Though 30 years have passed, remorse, sighs and sympathy were common feelings among attendees who convened a seminar in this capital city of central Henan Province to commemorate an accident that had long been ignored nationwide.
A miserable story about China's most devastating dams bursts that caused thousands of lives in the province in August 1975 was unfolded by 150 officials, meteorologists, hydrologists from China, the United States and Italy at the seminar on Sept. 15, only three days after China announced to declassify its natural disaster death tolls. HORRIBLE MEMORIES
On Aug. 7, 1975, just a day before the tragedy, all most nobody in Zhumadian, a city about 1,000 km south of Beijing in Henan, were aware that a catastrophe was looming.
A pouring rain following the third typhoon that battered China that year soaked the area with then about 7 million population, swollen more than 100 medium or small reservoirs with a rainfall recorded at 1,060 millimeter in 24 hours near the typhoon center.
"When the rain continued, the days were like nights as rain fell like arrows," survivors were quoted as saying by official records. "The mountains were covered all over by dead sparrows after the rain."
The 24.5-meter dam of Banqiao Reservoir which took over the most rain from the typhoon first breached at wee hours of Aug. 8, releasing within six hours 700 million cubic meters of floods that wiped Daowencheng Commune downstream immediately from the map, killing all 9,600 citizens.
"The blare of the dam burst sounded like the sky was collapsing and the earth was cracking," survivors recalled. "Houses and trees disappeared all in a instant.
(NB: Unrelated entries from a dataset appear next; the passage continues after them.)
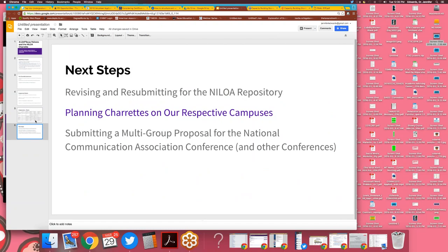My next steps include revising and resubmitting for the NILOA repository, as well as planning charrettes on our respective campuses — Tarleton and the other Texas LEAP institutions. We are also submitting a multi-group proposal for the National Communication Association conference, collaborating with another institution of communication faculty who asked me to present, so we are presenting as part of a pre-conference session. If you have any questions, my Twitter handle is @drjtedwards.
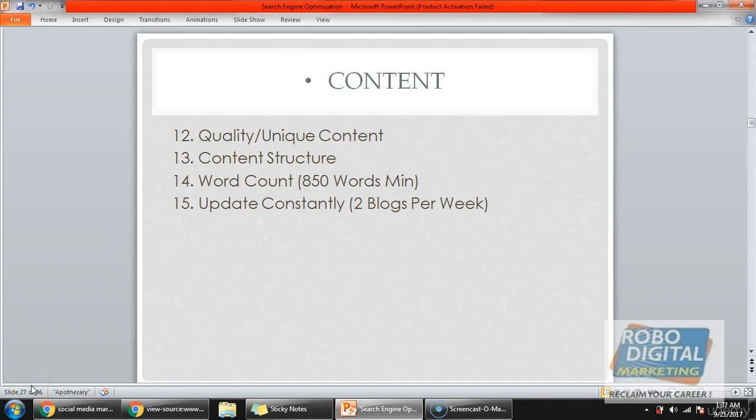Hi guys, welcome to this new lecture where we will learn about a next on-page SEO strategy that is content. Under that we have four different techniques: quality and unique content, content structure, word count, and update constantly.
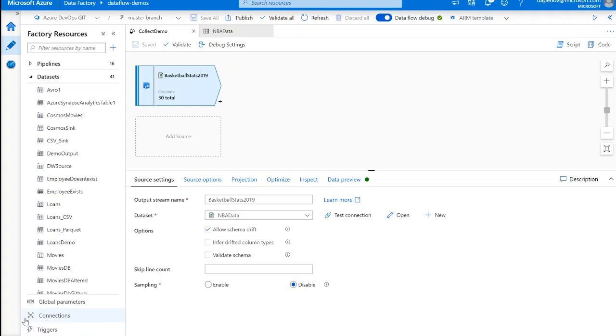Hey, Data Factory fans. This is Daniel Perlovsky here, and I'm going to talk to you about the new collect function that we have in mapping data flows.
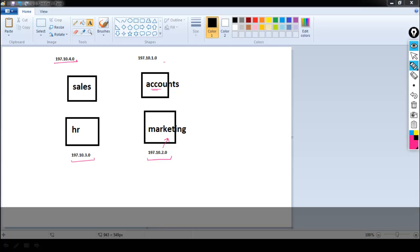Now this is my Class C network, and by default we have three network ID portions. In order to be in the same network, the network ID should be same and host ID should be different, as per rule number seven which I have already explained in the IP addressing video. But you can see here the network IDs are not same — for example, 197.10.4 — so they cannot communicate with each other without a router.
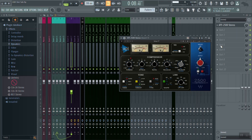Now I have our compressor knocking down about 12 decimals of gain reduction. Next we're going to look at our ratio — instead of doing a 4:1 ratio, we're going to give it an extreme ratio and go ahead and do 10:1.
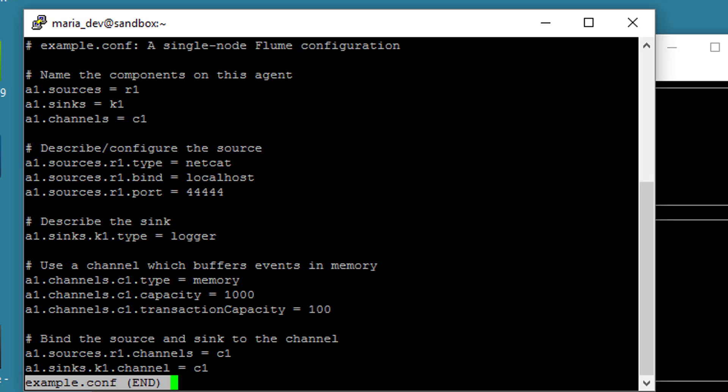Finally, we will bind the source and the sink to that channel. So we just say A1 sources R1, so our R1 netcat source that we set up up here is going to be attached to the C1 channel. And note that it says channels. You can actually associate a source with more than one, but a sink can only have one channel. And we're going to associate that with that same C1 channel. So through this configuration file, you might want to pause and kind of like let this sink in, make sure you understand it. All we're doing is setting up a netcat source, a logger sink, a memory channel that connects the two. So we're setting up a flow that starts with a netcat source, goes through a memory channel and finally ends up in a logger sink.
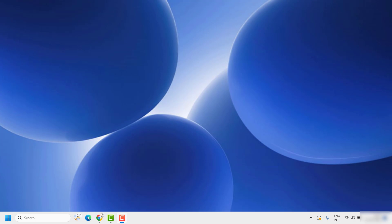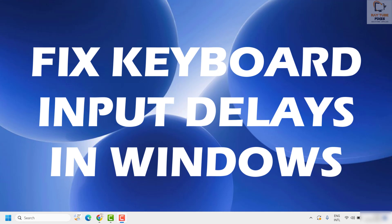Good everyone, you're watching Radio Fixes. In this video I'm going to talk about how to fix keyboard delay or keyboard lag in Windows 11. The steps mentioned in this video can also be tried for previous versions of Windows.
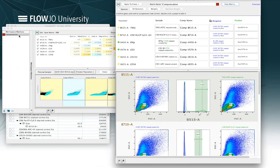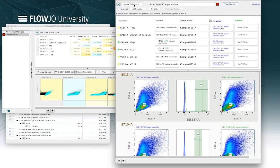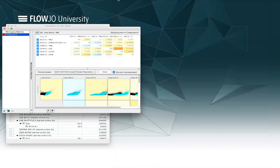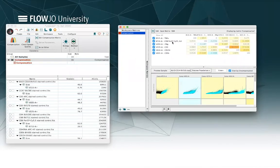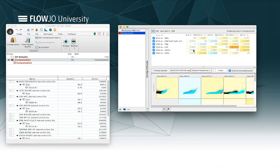For now I'm done with the wizard so I'll close out of that screen and we can look at the compensation that's been calculated for our single stain controls thus far. And in there you can see the various spillover percentages that was calculated for each color into each detector.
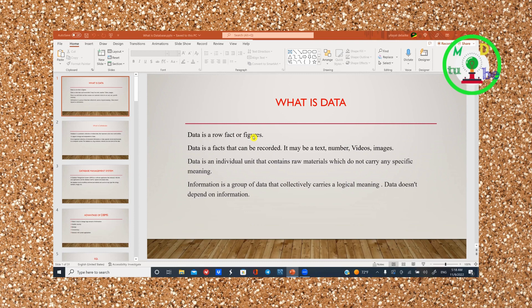Data is a raw fact or a figure. Data is a fact that can be recorded. Data is an individual unit that contains raw material which does not carry any specific meaning.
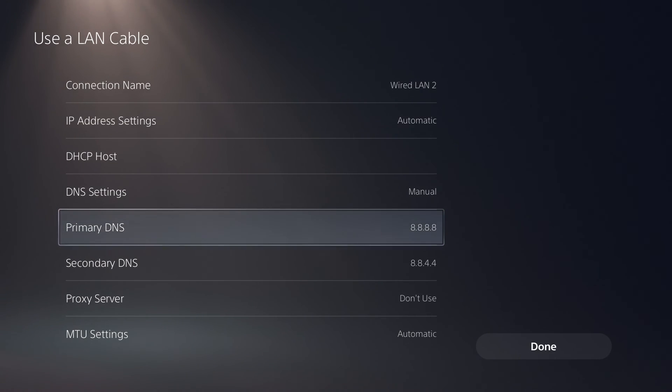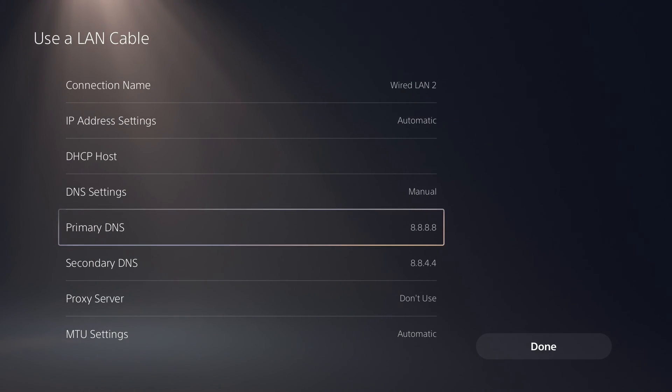Just remember that if you ever change Wi-Fi settings, you will probably have to go in and re-change these DNS settings.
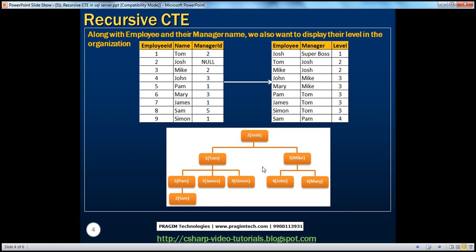Looking at the levels of these employees: Josh is at the highest level, so his level is one. Tom and Mike are level two. Pam, James, Simon, John, and Mary are level three. And at the bottom of the hierarchy is Sam, who is level four. So right now, I want to display employee name, their manager name, and their level within the organization. To achieve this, we can use recursive CTEs — using recursive CTEs, the code will become a lot easier.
Numerous corpses and bodies of cattle floated in water amid people's wailing for help."
To worsen the situation, the dams of the city's other 61 reservoirs collapsed one after another within a short period, unleashing about 6 billion cubic meters of floods to an area of about 10,000 square kilometers.
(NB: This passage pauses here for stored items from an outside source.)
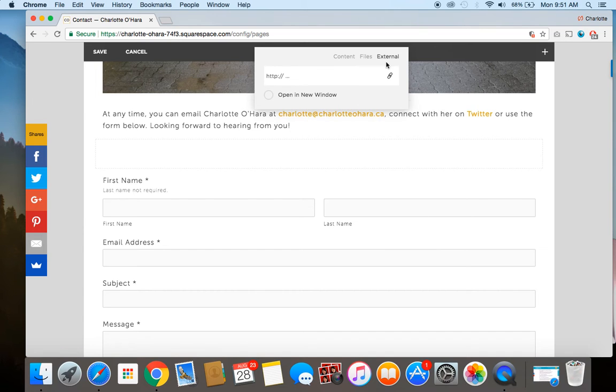And then within external, you want to stick here — you're going to type "mailto:" and then charlotte at charlotteohara.ca.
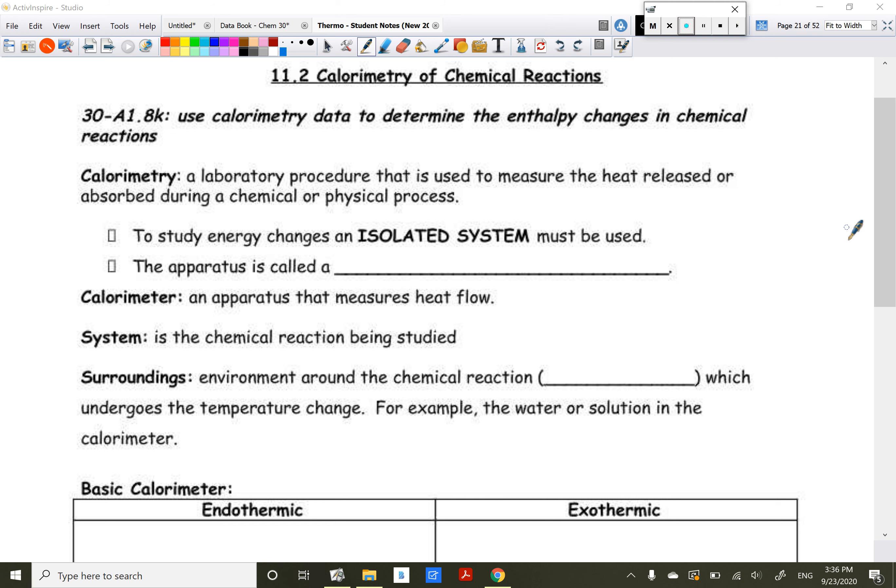Welcome back. Today we are going to be looking at something called calorimetry. This is a theoretical concept on how we can actually calculate molar enthalpy and enthalpy change for actual chemical reactions, not relying on just looking at a change in enthalpy value. Calorimetry is a laboratory procedure used to measure the heat released or absorbed during a chemical reaction.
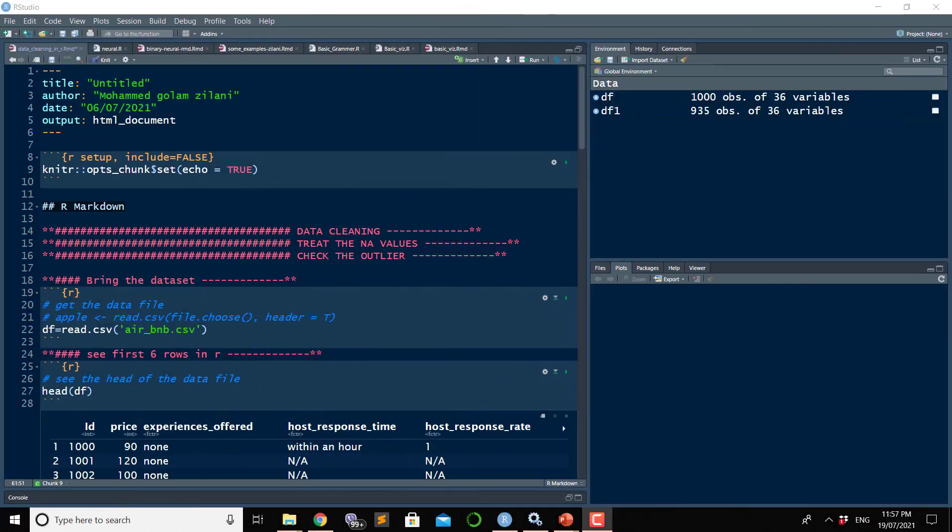In this video I will show how to do some sort of data cleaning activity using R and RStudio. I will show an example in an RMD file, which means the R Markdown file.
Official statistics recorded 30 years after the dams bursts show more than 26,000 people were killed in the floods, the life of more than 10 million people was affected and all communication to and from the city were cut off. But some meteorologists and researchers said the figure might be even bigger.
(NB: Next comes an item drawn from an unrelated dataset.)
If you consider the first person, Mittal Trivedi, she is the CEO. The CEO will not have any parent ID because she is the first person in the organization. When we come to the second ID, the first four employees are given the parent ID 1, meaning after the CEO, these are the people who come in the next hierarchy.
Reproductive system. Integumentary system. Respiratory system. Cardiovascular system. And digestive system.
"The number may be revised some day in future," said Wang Yanrong, an official with Henan Province Department of Water Resources who has studied the province's flood disaster death tolls for years. "It depends on further and more thorough study of related files, documents and our data." CHAIN-REACTING FAILURES
Though such appalling images of the dams burst, however, were not publicized during that time when Chinese leaders considered natural disaster death tolls a state secret, an investigation by central government soon after the floods found a series of "unexpected failures" led to the nightmare.
Xinhua learned that only a rainfall of 100 millimeters was forecast by the Beijing-based Central Meteorological Observatory forecast before the 1975 typhoon because no meteorologists in China then could reach an accurate prediction "given their scientific knowledge".
Water resources researchers said the design of those reservoirs and the guiding principles to contain the might Huaihe River should be blamed for such a calamity.
"The problem was not only the weather forecast," said Li Zechun, who first arrived at the scene as a weather forecaster after the floods 30 years ago and now an Academician of the Chinese Academy of Engineering Sciences, "that tragedy was a man-made calamity rather than a natural one."
Li said the water storage for irrigation function of a reservoir was overemphasized amid reservoir construction heat in the late 1959s despite warnings by some scientists that much of a reservoir's flood control was ignored.
The Banqiao Reservoir, which first collapsed, for example, was designed with only a capacity of 492 million cubic meters but it had to accommodate more than 697 million cubic meters of floods then.
The absence of an early-warning system or evacuation plan then also made the flooded areas quickly descended into chaos, Li said. LIVE WITH FUTURE FLOODS
Since floods and drought are a fact of life for much of China, academics said, Chinese should be prepared for any devastating floods in the future.
"Henan still has an arduous task in flood control in future," said Kong Haijiang, a researcher with Henan Province Meteorological Observatory.
Kong estimated that a landfall of typhoon might cause a regional torrential rain similar to that in 1975. "We need to be prepared."
Other new threats in future floods have already emerged, said Li Zechun, the academician, such as the fast development of chemical industry in reservoir areas.
"Once the chemical plants are flooded, the contamination to the environment is immeasurable," Li said, "we have already witnessed such results in New Orleans from Hurricane Katrina."
Li said to prepare for future floods, a data base consisting of meteorological, hydrological, environmental protection, forestry and agricultural departments should be established first to form a uniform environment monitoring networks.
At the same time, Li said, the best way to prevent and control natural disasters was to have an early-warning system with a safe communication system.
"Had the communication in the reservoir areas not been cut off in 1975, " he said, "more lives would have had been saved in downstream."